If the deadly clashes last month in Charlottesville, Virgina are any indication, America still has a lot to learn about racism.
"As things happened over the summer it just gave me a sad feeling to watch our country coming apart over racism, intolerance and so forth," says Ross Stanger.
As supervisor of instruction and social studies for Vineland Public Schools, Stanger wanted to incorporate something new this year to promote tolerance.
Fellow administrator JoAnne Negrin, who oversees the foreign languages department, had the same goal.
She suggested doing what the town where she lives Cherry Hill did this year, putting out signs for the "Hate Has No Home Here" campaign.
Then they decided to take it a step further and put the initiative into the curriculum as part of the district's character education program.
"We want the students to embody through projects what it means to be tolerant and respectful of all the different people," says Stanger.
Projects will incorporate the latest technologies like having students create their own movies and podcasts promoting tolerance and diversity.

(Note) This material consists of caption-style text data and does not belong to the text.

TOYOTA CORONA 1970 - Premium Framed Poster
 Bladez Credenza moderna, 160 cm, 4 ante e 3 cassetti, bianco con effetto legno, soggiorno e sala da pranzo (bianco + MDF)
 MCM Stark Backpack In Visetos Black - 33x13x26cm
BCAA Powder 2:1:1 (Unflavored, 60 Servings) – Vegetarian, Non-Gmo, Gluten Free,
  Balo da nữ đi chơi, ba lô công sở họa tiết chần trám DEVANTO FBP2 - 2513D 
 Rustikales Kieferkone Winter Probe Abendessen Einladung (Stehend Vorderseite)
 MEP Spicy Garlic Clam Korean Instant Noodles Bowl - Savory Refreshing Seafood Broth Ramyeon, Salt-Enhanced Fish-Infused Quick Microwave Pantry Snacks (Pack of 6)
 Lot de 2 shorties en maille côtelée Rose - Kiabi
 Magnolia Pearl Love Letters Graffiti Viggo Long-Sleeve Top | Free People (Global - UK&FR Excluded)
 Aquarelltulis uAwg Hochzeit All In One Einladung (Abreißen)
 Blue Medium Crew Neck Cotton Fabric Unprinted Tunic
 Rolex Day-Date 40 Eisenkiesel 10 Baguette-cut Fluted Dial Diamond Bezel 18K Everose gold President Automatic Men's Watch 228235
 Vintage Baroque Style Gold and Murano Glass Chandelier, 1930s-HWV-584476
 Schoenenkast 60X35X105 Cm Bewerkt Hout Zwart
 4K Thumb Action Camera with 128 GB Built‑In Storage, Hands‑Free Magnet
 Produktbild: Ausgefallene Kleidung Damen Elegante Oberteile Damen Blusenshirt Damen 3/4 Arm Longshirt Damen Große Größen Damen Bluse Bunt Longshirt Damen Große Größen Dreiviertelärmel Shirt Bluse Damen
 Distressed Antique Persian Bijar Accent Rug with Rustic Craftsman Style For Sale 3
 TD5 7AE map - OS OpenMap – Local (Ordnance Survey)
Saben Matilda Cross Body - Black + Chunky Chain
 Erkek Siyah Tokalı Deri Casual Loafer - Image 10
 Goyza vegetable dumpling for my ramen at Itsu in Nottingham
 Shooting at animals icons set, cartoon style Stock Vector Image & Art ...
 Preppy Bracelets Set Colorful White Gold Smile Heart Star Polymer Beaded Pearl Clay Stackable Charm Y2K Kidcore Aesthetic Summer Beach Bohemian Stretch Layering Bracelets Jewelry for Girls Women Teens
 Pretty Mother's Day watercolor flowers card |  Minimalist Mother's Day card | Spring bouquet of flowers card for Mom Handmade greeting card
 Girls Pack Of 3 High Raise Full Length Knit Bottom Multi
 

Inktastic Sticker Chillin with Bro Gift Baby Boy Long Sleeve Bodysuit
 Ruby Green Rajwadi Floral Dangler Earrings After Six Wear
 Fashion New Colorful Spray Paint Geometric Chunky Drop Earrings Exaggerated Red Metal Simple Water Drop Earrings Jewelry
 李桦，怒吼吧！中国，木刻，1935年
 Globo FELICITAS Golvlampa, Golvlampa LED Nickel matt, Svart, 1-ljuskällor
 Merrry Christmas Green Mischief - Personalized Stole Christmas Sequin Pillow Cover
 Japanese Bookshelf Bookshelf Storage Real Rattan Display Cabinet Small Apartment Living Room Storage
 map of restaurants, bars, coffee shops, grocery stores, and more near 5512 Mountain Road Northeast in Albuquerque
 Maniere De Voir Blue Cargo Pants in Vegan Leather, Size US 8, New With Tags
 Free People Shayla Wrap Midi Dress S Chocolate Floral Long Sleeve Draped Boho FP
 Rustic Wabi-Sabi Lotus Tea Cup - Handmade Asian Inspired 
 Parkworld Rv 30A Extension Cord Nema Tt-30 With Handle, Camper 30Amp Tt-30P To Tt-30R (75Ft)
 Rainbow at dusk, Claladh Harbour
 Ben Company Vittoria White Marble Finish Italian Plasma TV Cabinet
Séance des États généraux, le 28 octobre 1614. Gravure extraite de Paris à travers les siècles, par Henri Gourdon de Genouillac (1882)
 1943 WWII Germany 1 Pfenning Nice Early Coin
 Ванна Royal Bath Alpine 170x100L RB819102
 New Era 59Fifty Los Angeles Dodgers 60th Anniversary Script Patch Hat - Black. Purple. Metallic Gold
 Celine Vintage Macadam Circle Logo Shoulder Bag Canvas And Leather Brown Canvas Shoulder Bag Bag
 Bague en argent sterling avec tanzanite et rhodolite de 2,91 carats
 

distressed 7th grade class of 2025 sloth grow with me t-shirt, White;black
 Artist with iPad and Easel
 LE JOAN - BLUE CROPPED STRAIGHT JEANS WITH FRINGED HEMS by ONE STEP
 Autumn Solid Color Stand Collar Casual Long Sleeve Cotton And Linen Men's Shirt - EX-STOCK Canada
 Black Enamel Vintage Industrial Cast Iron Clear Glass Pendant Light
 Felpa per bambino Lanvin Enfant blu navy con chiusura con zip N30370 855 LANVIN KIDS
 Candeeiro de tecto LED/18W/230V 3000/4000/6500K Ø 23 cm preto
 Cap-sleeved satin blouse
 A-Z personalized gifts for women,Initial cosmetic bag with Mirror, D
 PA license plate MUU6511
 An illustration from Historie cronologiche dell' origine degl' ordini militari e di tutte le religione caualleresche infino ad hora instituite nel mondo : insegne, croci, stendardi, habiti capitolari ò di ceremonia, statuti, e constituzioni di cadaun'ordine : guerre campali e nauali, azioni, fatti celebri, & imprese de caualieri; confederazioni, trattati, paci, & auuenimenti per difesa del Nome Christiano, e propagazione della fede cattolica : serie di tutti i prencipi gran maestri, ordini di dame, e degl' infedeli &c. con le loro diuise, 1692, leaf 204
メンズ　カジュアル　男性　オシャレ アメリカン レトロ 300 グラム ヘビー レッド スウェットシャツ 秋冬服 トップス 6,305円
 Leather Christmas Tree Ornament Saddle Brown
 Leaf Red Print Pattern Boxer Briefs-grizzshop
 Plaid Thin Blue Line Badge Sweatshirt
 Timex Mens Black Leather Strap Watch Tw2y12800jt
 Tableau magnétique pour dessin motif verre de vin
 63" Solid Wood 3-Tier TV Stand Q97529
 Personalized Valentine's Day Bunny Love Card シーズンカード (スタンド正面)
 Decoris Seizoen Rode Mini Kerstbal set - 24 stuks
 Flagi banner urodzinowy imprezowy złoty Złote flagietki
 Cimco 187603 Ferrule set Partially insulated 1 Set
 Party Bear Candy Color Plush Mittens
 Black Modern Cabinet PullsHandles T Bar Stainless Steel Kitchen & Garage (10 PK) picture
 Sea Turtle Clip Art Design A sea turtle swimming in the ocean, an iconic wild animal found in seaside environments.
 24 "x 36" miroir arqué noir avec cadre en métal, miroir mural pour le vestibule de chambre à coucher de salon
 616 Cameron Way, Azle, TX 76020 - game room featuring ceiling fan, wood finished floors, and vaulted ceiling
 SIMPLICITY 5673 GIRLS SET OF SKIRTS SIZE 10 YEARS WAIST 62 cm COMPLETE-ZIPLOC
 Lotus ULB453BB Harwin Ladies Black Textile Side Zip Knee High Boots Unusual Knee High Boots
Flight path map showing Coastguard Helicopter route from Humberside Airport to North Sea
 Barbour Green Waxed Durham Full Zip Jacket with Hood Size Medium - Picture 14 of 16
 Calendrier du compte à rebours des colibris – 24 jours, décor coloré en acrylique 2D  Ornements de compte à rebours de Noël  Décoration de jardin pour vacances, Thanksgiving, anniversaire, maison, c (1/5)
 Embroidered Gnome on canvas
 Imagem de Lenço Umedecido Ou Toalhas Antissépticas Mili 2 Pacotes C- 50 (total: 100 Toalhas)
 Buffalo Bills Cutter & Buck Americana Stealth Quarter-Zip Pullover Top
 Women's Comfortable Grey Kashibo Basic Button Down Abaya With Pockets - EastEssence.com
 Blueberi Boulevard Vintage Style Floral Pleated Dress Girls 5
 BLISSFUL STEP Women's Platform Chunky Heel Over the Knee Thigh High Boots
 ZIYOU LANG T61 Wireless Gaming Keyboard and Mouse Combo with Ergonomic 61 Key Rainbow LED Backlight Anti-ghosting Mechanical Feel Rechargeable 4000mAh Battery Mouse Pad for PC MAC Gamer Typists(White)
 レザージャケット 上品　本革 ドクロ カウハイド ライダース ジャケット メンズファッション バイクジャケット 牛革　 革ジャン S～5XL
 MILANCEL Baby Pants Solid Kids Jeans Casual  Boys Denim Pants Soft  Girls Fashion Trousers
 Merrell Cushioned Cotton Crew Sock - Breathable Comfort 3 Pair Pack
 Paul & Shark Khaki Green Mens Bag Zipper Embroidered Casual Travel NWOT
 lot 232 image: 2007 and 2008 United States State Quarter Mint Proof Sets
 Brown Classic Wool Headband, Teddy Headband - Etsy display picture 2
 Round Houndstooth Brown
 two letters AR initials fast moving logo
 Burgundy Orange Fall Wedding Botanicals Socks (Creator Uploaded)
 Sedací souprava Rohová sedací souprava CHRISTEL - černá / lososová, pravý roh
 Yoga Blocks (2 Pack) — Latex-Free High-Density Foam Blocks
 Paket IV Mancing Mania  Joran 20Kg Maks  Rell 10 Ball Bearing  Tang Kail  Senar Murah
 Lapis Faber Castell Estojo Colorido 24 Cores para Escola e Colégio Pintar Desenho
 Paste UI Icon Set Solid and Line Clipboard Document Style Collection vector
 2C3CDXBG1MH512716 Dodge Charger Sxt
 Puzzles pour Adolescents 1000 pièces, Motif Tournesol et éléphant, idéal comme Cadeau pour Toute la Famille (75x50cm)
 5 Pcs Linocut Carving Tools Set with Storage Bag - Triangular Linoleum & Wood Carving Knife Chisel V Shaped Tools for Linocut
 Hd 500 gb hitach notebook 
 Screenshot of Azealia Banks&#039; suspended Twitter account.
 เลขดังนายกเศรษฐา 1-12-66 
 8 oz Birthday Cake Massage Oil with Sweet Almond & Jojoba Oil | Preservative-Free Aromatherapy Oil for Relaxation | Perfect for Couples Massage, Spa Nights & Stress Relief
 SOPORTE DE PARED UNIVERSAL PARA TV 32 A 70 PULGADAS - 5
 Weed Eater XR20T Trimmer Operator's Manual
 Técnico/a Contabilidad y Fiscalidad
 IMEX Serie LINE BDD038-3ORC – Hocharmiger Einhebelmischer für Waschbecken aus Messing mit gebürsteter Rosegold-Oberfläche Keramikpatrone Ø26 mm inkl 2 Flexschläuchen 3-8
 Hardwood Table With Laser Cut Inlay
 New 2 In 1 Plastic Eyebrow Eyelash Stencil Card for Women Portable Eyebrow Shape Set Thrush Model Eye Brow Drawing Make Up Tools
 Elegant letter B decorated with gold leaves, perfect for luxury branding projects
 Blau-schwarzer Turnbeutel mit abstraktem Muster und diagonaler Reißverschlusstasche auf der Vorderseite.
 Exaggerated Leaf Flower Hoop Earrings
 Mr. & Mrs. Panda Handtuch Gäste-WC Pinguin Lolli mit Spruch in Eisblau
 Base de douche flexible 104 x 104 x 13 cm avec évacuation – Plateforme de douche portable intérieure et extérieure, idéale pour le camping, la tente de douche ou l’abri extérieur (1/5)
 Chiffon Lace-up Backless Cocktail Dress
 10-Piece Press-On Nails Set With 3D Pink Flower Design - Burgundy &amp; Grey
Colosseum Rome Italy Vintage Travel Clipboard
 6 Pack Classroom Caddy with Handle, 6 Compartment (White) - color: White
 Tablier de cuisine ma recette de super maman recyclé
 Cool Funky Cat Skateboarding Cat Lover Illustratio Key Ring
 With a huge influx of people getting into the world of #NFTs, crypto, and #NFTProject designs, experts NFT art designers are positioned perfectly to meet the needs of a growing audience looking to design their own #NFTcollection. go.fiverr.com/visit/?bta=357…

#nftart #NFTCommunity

"We want to drive home the point that this is a community that welcomes everyone," says Negrin.
School officials say the anti-racism lessons won't just be limited to just a single unit within social studies and history classes but it's something they'll work into the curriculum throughout the school year.
"Hate is not something that you're born with. Hate is something that you're taught, as is the idea of tolerance and respect for people," says Stanger.